-- Description of the task --
For the entries that follow, retype exactly the lines from the one containing "現品 2番 柱サボテン 鬼面角 ブランチ 8号 観葉植物 室内 大型 多肉植物 おしゃれ" to the one containing "花卉种子批发满天星太阳花波斯菊百日草向日葵含羞草薄荷碗莲荷花", inclusive, and only those. Images stay out of the copy.

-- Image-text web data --
----------------
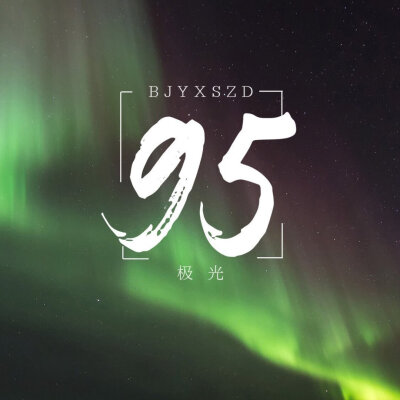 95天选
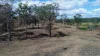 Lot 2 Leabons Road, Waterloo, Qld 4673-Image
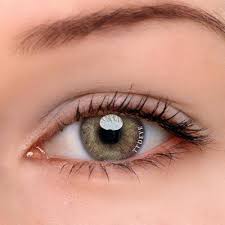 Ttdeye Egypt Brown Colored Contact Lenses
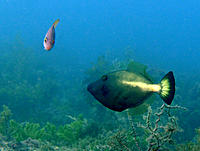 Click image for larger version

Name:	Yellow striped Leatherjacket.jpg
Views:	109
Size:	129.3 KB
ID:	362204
----------------
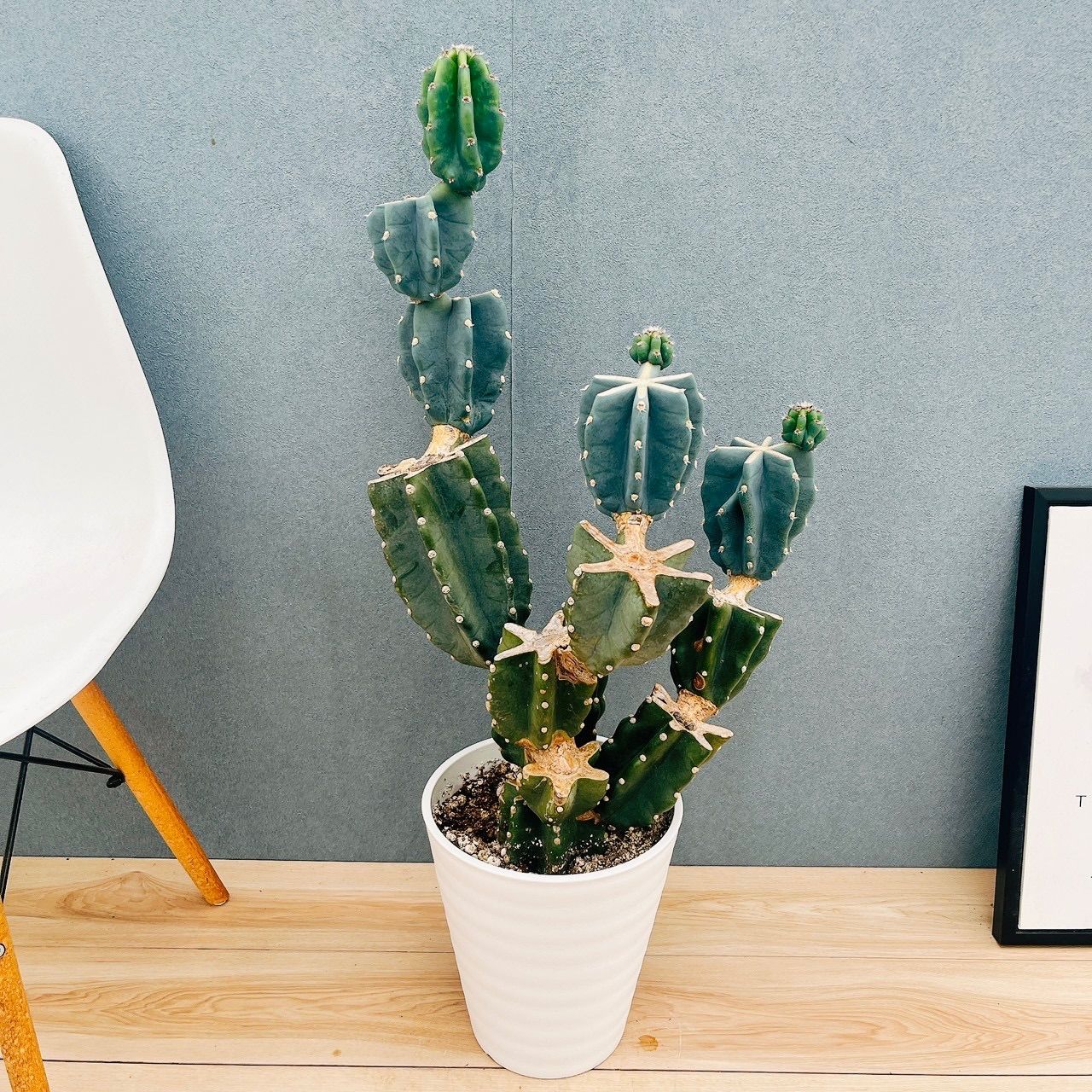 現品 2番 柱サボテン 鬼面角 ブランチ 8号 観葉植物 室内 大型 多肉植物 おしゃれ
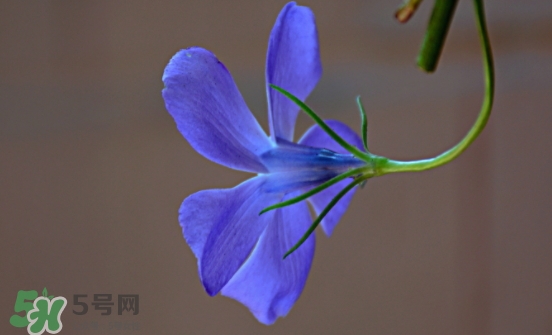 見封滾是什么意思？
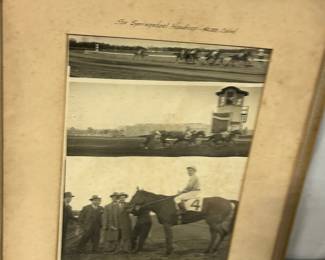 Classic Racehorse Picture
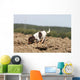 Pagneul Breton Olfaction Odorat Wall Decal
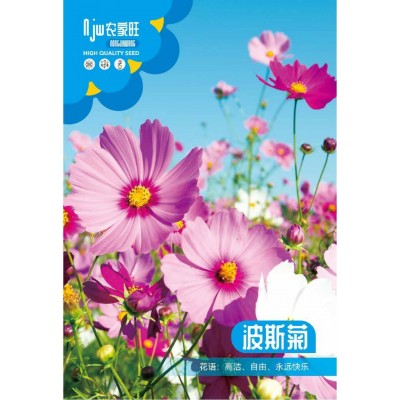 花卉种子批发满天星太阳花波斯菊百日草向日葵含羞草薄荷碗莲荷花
----------------
-- Response --
 現品 2番 柱サボテン 鬼面角 ブランチ 8号 観葉植物 室内 大型 多肉植物 おしゃれ
 見封滾是什么意思？
 Classic Racehorse Picture
 Pagneul Breton Olfaction Odorat Wall Decal
 花卉种子批发满天星太阳花波斯菊百日草向日葵含羞草薄荷碗莲荷花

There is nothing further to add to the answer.